Even though the NEAMA note acknowledges that rapid industrialisation, infrastructure development and population growth has led to immense pressure on the environment, it yet again stops short of addressing the core reasons of regulatory infirmities. The note locates the solution within the ambit of institutional reform. Similar efforts in the past have not been able to address issues related to biases in assessments, lack of monitoring and compliance and conflicts during final appraisal. The constant increase in the number and faulty process of clearances has continued to put ecological landscapes and people’s livelihoods under threat.
Even though the MoEF continues to claim that the NEAMA is autonomous, the MoEF indicates that the new institution will remain intricately linked with the ministry for jurisdiction, mandate, funding and reporting. The MoEF will grant the final clearances, defeating the need for an independent regulator. The premise on conditional clearances is also problematic.

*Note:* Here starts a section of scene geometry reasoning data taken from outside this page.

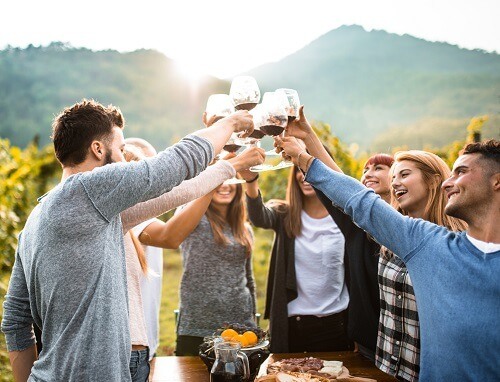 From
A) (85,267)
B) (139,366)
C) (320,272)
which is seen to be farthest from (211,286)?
(85,267)

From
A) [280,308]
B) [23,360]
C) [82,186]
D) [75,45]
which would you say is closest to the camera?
[82,186]

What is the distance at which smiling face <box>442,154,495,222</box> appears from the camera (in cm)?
170

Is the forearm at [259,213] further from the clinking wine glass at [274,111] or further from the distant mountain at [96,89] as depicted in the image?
the distant mountain at [96,89]

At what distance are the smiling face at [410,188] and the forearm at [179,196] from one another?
2.75 ft

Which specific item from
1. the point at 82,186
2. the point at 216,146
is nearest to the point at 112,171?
the point at 82,186

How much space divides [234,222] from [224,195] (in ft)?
0.70

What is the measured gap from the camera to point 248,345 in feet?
6.55

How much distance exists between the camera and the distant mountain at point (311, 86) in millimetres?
8430

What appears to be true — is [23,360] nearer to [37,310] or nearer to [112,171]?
[37,310]

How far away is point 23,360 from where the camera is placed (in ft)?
6.05

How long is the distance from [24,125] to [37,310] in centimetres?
987

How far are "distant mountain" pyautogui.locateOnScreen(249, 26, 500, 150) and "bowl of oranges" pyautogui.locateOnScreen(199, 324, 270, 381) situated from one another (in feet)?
19.4

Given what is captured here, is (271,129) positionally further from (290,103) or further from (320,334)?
(320,334)

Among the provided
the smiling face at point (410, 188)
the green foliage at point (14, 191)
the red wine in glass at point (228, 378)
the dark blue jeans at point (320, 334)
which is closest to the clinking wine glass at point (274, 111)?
the smiling face at point (410, 188) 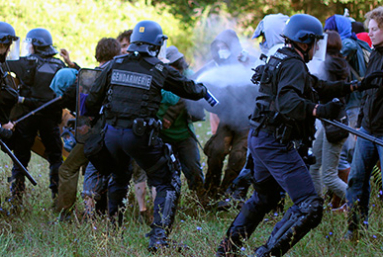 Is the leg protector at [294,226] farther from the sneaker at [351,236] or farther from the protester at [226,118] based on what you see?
the protester at [226,118]

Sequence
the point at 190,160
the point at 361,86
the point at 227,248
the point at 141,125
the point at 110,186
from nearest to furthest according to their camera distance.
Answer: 1. the point at 361,86
2. the point at 227,248
3. the point at 141,125
4. the point at 110,186
5. the point at 190,160

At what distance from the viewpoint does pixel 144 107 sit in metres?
4.17

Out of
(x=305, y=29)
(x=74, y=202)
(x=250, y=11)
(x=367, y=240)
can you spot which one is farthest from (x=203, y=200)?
(x=250, y=11)

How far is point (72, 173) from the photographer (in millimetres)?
5301

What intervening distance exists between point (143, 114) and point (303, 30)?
1.40 metres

Quoting minister Jairam Ramesh, the note states that conditions levied at the time of clearance should be objective, measurable, fair and consistent, and should not impose inordinate costs on the developers. This framework turns a blind eye to the several instances when conditions are almost forced out of appraisal bodies and approvals are granted with as many as 121 conditions. When implemented after approval, the findings render themselves to fait accompli situations, as the project is already built or halfway there.
The manner in which ‘conflict of interest’ is addressed is limiting. It fails to visit instances of conflict that arise when expert appraisal committee members have had direct stake in promoting a specific project. The NEAMA note presents no way out of this scenario.
There remains little confidence that the NEAMA will be able to break out of the legacy of faulty regulation and implementation. Instead of acknowledging that this structure is flawed, the MoEF continues to hail it, saying it’s better than the previous avatar. It is not surprising then that revamp of the environment clearance process remains low on the list of priorities.